7 thoughts on “The New Math”

  1. Something analogous to his explanation (not that format, which I never learned) is much like how I do mental math.

    (4.70 out of 20? Add .30 to get to 5, then add that to the 15 that you trivially get to 20, for 15.30.

    This is NOT procedurally analogous to on-paper traditional subtraction, but it’s much closer to the thing described there.)

  2. Those yutes will make great programmers… for someone else to hire.

    /* calculate d = a – b */
    /* like we were taught in school */
    sum = 0
    do
    c = random(b) ‘pick a random number from 0 to b
    sum = sum + c
    if (sum < b) then
    a = a – c
    else
    /* the sum is too big! Mr. Honeycut never covered that! */
    extra = sum – b
    a = a + extra /* I think this might work */
    sum = sum – extra /* or maybe not */
    loop while sum b /* which is forever if the random generator is being a meany */
    return some

    /* Bob, why can’t I just use d = a – b? */

    1. George… what did you do, copy and paste that from the source code for the obamacare website? 😛

  3. As the article states, this is how I used to make change all the time when I worked in shoe stores and Radio Shacks. And I could do it rapidly – so rapidly that often the customer would become suspicious that I had somehow short changed them. Even today I can do it very fast.

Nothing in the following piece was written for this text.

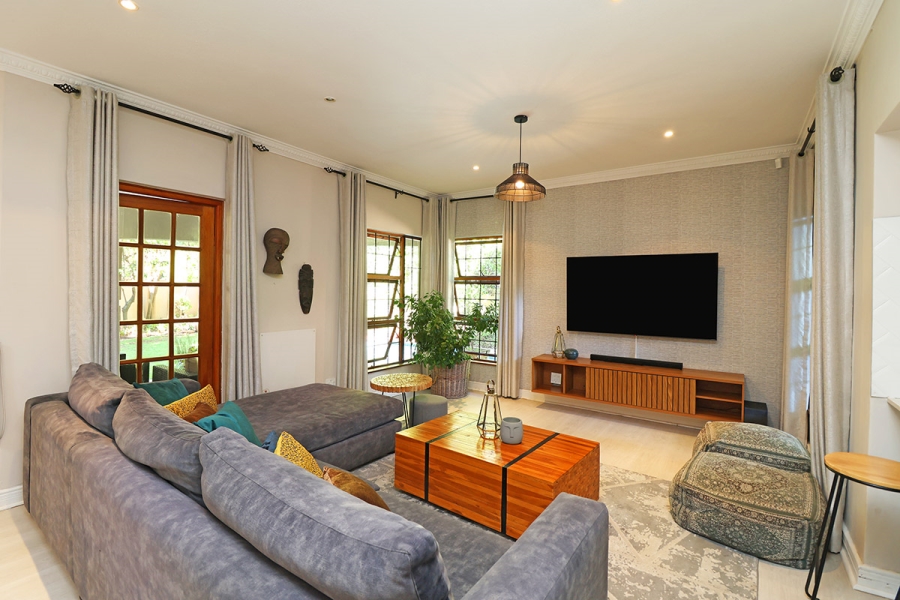 4 Bedroom Property for Sale in Bryanston Gauteng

    BUT, the advantage to making change this way is that I didn’t have to remember anything because I put the coins in my hand as I worked up from the price to the money given. Well ok I had to remember that last total I made. Pretty trivial.

    I think it would be much harder if I had to remember all the bits of change needed as I went along and *then* took them out of the cash drawer.

  4. Any time I worked in retail, and had a register that told me the change for a transaction, I would pull the bills and coins from highest-to-lowest, but then would still count it back coins first, then lowest-to-highest bills (“Your total was $3.22. And 78 makes 4, 5, 10, aaand 20.”)

    If one works a register long enough, you learn the coin counts for just about any change amount, including the “holy grail” of 41 cents.

    When making change at a fundraising stand or other stand-alone cash-box kiosk, making change by counting up from the total is MUCH easier, for sure.

  5. Since the old way of learning math never got us anywhere (besides the Moon), I can well understand why we really need elite educated (in the old method of learning math ironically enough) people to find a more complicated way to do such a trivially easy thing. I suspect that in a few years this revolutionary math will put the US far ahead of other nations in the area of math skills. I feel sorry for our foreign competitors, as they do not have the advantage of such advanced mathematical teaching techniques.

  6. My memory isn’t good enough to borrow. I’m not that visual. I always forget what the new amount after I borrowed is, I forget what the ones digit was by the time I get to the hundreds, whatever. I was never taught this, but this is the only way I can do mental arithmetic.